Russ Roberts: Yeah, that's a good one. I like that.

Rodney Brooks: So, we see systems learning to parse out full names, which is why we now have the Amazon Echo and Google At Home able to understand our speech, you know, at least, when[?] I say understand, it will sort of take dictation and turn the speech form into, you know, typed words that correspond. Which we couldn't do 5 years ago. And that's, deep learning has enabled that. But, when people hear that learning was able to do that sort of thing, they think, 'Well, then the computer can learn anything.' And that's just not the case. It's only very isolated, specialized things with a lot of individual work by a big team of scientists to get every new step.
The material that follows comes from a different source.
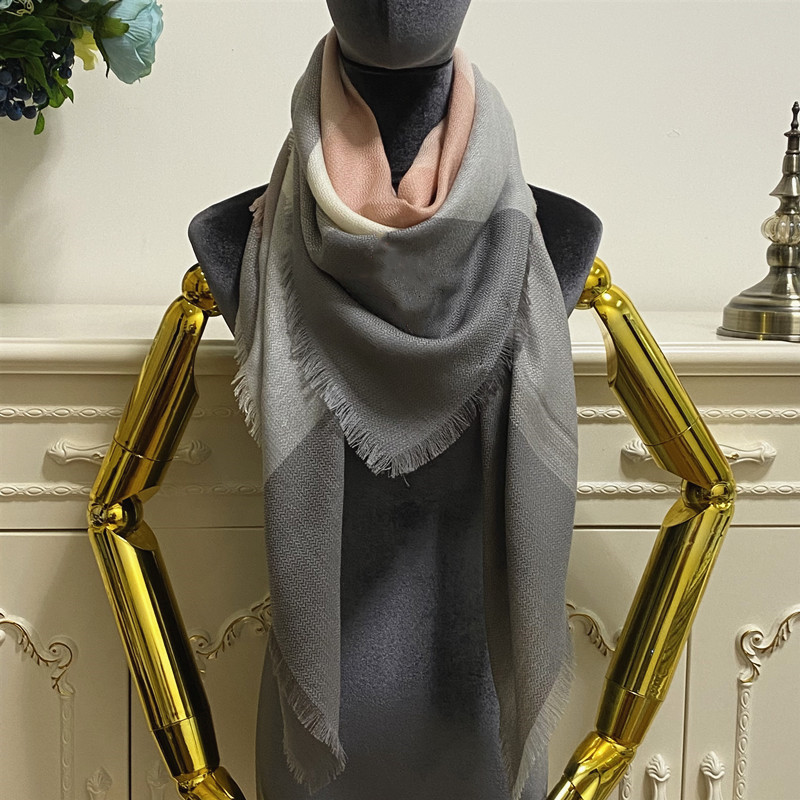 Women's square scarf shawl pashmina good quality 100% cashmere material Gradient embroidery letters pattern size 120cm-120cm
Women's square scarf shawl pashmina good quality 100% cashmere material Gradient embroidery letters pattern size 120cm-120cm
You know, when Alphago, which learnt to play Go, was playing the world Go champion, you had 200 engineers there worrying about helping it, and supporting it--

Russ Roberts: Cheater.

Rodney Brooks: and the world Go champion had a cup of coffee. That was his support. So, it's not the same sort of stuff.

38:44

Russ Roberts: Well, I agree with that. But, I think the deeper point--which I love; and I love that idea of a suitcase word. And I assume it's called that because you don't know quite what's in it. It's a bit of a mystery--

Rodney Brooks: Right. You can pack many things into it.

Russ Roberts: But, what I think is deep there--we probably won't get to it today, but you have another article about consciousness and what robots actually perceive. And also relating to your earlier point, we bring, we anthropomorphize, we bring our human understandings inevitably to these new technologies. And, when I learn something, I can learn, say--let's say I learn how to play a piece on the piano with one finger playing the melody, because I've learned how tablature and staff notation corresponds to a keyboard. But, I can't play the piano, obviously. And more importantly, I can't compose. And even more importantly than that, I can't fill my soul and heart and mind with emotion--I'm not flooded with emotion the way I would be if I could play something even fairly simple like "Moonlight Sonata" on my own.

Rodney Brooks: Or the audience is not [?]--

Russ Roberts: Or the audience. That's much better. And yet we assume that when a computer "learns" how to play the piano, we inevitably place on it these human--the way I would--I make a distinction between learning and understanding. So, we can learn how to do something but we may not understand it. And I think there's a certain inevitable--at least at this stage; maybe it will change--but at this stage of computer learning, it does not have the richness of human learning. And yet we assume it does or at least that it will. And that's not necessarily the case.

Rodney Brooks: I agree with you completely. It's that, again, that performance versus competence; it's the suitcase word. They are variations on similar problems. Another thing that these pundits say, 'You know, it's just going to get faster and faster.' I think we've gotten trapped by the last 50 years of Moore's Law and thinking that everything is exponential. Because we've had exponential growth in computer power. Which, ironically have led to improvements in AI without any further thinking. You know, Alan Turing had the essential ideas of how a computer plays chess back in the 1940s, but he had to simulate a lot of computers. Mac Hack, a program from MIT in 1965 embodied those ideas in a computer program, but it was easily beaten by people. And really there weren't any particularly new innovations through the 1990s, when Deep Blue beat Garry Kasparov. It was exactly the same algorithm that Turing had come up with back in the 1940s. And, by the way--

Russ Roberts: That processor [?].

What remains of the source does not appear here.